Noch ist die künftige Fahrradstraße zwischen Waldeck und Vogelrain von Baustellen geprägt Foto: Alexandra Kratz

Die Umbauarbeiten für die separate Fahrradstraße zwischen Waldeck und Vogelrain waren aufwendiger als gedacht. Bis die gesamte Strecke befahrbar ist, dauert es noch einige Wochen.

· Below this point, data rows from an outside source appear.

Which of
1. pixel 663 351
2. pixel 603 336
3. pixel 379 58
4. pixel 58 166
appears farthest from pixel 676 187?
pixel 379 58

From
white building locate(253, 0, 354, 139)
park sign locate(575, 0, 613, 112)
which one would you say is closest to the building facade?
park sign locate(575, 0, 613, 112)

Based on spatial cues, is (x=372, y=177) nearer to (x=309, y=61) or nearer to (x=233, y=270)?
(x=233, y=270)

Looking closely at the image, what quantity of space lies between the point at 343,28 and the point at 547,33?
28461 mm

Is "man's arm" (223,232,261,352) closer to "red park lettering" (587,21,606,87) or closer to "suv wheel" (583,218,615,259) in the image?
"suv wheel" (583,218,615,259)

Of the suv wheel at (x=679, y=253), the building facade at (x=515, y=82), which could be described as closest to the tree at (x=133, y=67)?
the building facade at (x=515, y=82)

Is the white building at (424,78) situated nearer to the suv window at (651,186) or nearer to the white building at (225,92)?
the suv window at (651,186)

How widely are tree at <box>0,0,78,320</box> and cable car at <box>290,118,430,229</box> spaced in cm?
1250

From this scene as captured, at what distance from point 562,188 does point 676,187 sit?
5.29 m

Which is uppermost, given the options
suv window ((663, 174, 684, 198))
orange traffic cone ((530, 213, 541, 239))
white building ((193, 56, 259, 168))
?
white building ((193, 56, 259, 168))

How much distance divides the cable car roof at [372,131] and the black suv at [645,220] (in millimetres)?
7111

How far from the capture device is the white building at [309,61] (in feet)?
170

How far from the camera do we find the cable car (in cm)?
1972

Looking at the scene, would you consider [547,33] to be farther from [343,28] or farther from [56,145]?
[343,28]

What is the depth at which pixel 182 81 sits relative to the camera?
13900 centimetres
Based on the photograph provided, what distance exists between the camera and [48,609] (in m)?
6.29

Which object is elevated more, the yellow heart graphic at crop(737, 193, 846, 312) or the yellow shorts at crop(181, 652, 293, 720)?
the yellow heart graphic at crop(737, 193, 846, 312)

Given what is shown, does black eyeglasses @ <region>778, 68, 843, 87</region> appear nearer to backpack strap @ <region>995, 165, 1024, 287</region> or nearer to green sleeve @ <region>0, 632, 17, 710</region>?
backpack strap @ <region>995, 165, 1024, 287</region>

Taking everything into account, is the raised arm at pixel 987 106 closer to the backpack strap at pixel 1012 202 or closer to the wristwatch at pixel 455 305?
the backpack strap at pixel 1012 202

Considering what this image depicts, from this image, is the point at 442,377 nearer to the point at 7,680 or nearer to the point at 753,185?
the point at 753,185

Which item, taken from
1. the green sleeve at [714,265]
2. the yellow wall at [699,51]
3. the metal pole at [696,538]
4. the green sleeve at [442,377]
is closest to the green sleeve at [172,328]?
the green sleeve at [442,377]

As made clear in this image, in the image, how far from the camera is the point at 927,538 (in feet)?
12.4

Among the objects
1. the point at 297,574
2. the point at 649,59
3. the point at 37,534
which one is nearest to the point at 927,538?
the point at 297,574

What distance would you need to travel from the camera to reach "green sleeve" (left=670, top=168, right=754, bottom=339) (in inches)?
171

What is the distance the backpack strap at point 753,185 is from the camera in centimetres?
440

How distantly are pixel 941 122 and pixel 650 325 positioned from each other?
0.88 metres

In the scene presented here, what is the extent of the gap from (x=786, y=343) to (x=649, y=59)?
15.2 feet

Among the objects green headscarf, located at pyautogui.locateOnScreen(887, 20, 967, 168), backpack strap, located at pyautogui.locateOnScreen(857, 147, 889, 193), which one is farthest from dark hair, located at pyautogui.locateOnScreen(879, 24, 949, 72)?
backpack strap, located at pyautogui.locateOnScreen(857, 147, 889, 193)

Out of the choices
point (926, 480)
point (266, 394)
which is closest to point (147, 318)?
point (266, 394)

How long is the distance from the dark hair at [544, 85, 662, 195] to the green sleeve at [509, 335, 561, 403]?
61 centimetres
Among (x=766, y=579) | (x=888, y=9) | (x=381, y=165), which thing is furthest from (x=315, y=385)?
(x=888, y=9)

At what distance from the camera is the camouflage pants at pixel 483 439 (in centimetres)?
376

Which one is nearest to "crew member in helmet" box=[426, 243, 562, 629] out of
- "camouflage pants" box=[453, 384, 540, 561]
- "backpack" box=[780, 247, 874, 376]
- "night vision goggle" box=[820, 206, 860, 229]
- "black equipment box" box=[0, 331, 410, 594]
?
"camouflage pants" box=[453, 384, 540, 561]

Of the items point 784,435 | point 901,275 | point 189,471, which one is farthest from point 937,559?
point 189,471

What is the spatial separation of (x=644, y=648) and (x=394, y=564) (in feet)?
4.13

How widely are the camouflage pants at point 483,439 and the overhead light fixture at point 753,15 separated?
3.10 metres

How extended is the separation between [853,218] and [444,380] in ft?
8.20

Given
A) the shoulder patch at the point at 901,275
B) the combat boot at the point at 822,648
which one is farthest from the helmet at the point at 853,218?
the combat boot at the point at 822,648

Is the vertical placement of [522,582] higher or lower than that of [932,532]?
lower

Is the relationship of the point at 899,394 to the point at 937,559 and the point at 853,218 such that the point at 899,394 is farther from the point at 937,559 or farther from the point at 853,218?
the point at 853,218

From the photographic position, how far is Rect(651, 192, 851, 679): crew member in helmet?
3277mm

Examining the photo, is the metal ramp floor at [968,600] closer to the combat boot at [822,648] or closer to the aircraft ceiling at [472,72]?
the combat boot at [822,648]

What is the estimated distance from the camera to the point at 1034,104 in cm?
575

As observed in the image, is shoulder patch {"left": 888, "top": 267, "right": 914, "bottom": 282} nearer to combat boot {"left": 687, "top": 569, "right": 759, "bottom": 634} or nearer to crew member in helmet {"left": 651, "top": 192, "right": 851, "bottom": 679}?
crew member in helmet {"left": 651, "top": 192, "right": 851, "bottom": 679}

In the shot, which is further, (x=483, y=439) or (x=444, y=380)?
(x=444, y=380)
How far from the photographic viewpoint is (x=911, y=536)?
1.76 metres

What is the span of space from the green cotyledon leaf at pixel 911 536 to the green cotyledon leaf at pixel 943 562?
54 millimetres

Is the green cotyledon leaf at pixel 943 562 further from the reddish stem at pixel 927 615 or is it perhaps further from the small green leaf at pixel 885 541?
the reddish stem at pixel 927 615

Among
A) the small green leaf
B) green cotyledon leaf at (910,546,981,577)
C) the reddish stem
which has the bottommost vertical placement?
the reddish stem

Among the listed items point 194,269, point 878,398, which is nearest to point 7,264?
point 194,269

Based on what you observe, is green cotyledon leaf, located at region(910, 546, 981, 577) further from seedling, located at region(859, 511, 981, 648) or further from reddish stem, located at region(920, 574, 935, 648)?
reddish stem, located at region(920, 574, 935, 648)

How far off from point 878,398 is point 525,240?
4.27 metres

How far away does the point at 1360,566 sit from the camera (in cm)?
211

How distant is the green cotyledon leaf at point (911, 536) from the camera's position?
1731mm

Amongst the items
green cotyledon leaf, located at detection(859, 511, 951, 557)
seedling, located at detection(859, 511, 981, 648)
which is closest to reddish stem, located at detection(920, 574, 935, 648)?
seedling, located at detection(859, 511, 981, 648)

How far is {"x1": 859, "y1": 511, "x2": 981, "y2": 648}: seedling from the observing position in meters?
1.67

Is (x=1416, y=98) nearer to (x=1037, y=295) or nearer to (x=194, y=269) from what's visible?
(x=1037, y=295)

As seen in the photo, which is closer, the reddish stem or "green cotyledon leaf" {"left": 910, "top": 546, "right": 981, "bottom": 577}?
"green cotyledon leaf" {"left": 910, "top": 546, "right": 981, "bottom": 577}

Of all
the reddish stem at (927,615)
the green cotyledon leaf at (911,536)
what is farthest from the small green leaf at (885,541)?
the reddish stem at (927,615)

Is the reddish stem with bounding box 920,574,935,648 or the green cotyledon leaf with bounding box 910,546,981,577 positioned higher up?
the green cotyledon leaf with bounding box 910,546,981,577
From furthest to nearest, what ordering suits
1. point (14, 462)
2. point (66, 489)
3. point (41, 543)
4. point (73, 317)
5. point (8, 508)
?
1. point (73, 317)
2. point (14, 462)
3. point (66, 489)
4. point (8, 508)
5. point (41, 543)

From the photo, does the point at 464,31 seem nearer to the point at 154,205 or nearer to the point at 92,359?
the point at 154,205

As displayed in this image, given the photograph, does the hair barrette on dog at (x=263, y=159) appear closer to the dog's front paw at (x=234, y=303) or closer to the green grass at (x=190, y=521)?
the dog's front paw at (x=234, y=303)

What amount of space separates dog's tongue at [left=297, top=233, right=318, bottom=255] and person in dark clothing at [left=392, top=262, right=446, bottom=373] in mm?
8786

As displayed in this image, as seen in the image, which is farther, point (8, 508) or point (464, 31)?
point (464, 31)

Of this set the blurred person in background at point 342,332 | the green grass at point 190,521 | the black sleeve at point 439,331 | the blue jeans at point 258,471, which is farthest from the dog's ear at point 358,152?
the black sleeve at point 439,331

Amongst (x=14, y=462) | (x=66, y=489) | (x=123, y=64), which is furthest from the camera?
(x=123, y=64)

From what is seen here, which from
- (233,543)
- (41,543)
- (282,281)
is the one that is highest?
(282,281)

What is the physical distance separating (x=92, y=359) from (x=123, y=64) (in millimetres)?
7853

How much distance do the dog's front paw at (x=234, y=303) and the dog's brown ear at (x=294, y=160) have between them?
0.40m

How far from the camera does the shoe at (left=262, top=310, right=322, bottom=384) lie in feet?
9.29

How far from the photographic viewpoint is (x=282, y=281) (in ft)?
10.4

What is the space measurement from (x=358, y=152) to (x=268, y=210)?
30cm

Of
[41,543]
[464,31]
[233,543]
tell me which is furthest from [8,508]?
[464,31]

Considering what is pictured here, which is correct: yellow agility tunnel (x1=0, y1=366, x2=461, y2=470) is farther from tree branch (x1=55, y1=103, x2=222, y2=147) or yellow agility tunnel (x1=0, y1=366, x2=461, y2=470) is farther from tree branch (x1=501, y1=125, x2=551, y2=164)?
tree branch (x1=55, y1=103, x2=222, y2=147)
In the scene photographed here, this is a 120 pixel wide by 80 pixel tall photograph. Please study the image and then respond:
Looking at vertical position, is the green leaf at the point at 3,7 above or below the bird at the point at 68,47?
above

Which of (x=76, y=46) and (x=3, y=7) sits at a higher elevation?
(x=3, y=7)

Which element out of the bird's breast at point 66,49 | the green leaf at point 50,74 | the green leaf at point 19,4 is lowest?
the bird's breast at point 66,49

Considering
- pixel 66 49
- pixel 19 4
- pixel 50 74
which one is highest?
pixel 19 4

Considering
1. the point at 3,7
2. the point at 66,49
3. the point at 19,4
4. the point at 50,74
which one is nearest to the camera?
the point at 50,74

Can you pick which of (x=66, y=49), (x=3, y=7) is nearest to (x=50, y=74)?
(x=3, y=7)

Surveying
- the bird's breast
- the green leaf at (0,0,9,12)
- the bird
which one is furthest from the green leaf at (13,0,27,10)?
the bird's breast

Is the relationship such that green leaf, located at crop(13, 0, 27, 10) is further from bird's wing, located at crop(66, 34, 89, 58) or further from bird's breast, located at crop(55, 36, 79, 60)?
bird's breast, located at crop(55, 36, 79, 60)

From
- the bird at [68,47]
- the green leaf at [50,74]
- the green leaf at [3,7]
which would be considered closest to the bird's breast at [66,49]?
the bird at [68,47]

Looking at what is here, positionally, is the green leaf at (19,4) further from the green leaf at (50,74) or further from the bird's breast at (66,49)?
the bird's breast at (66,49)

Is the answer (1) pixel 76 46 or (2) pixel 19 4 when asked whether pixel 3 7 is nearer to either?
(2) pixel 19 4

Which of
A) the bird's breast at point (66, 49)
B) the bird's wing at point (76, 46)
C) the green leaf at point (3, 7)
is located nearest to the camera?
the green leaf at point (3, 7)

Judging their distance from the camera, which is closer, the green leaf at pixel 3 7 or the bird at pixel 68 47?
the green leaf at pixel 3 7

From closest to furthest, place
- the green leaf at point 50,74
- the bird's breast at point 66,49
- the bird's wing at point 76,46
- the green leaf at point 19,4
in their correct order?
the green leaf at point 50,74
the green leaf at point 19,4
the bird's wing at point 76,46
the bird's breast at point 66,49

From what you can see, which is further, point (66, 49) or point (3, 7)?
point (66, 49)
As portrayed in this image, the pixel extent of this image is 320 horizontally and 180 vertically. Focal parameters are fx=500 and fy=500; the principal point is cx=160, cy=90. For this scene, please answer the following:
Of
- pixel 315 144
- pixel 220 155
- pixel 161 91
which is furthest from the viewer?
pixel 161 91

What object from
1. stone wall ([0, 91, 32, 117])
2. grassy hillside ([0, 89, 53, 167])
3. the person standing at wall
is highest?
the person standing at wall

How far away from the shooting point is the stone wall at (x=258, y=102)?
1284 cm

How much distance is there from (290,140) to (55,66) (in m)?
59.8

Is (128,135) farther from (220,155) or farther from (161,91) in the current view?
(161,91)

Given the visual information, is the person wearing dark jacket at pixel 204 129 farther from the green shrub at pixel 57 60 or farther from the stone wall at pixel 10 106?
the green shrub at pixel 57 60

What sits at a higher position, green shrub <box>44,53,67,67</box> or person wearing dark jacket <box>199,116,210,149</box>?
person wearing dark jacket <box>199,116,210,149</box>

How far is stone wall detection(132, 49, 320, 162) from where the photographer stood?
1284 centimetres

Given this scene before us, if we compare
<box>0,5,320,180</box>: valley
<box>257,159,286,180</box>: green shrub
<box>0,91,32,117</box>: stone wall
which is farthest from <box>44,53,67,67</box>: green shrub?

S-Süd - Klaus Haag ist verärgert. Es scheint, als wäre zumindest der nördliche Teil des neuen Radwegs zwischen Waldeck und Vogelrain längst fertiggestellt. Und dennoch würden „massive Barrieren“ verhindern, dass die Pedaleure die neue Spur in Besitz nehmen, schreibt der Kaltentaler in einer Mail an unsere Zeitung. „Was ist hierfür der Grund?“, will er wissen, und ergänzt etwas süffisant: „War den Anwohnern der Fahrradlärm zu laut? Fehlt ein medienwirksamer Eröffnungstermin mit Anwesenheit entsprechender Prominenz? Erschöpft sich der Sinn der Maßnahme darin, dass man dem Autoverkehr eine Fahrspur abgezwackt hat? Oder ist mangelnder Brandschutz die Ursache?“

Jürgen Mutz, Leiter der Bauabteilung Mitte/Nord beim Tiefbauamt, kann die Verärgerung verstehen. „Es ist Radfahrsaison, und die Menschen wollen den neuen Radweg nun endlich nutzen“, sagt er. Doch dieser sei noch längst nicht fertig. Lediglich der nördliche Teil parallel zum Nesenbachweg sei angelegt. Das Tiefbauamt hatte diesen auch schon mal für kurze Zeit freigegeben. „Aber es gab heftige Beschwerden“, sagt Mutz. Denn den Pedaleuren war nicht klar, wie sie am Ende des neuen Radwegs, kurz vor Heslach, wieder auf den alten Radweg zurückkommen sollten, ohne einen Unfall zu riskieren. „Auch wir haben gesehen, dass die Situation alles andere als optimal war“, sagt der Leiter der Bauabteilung.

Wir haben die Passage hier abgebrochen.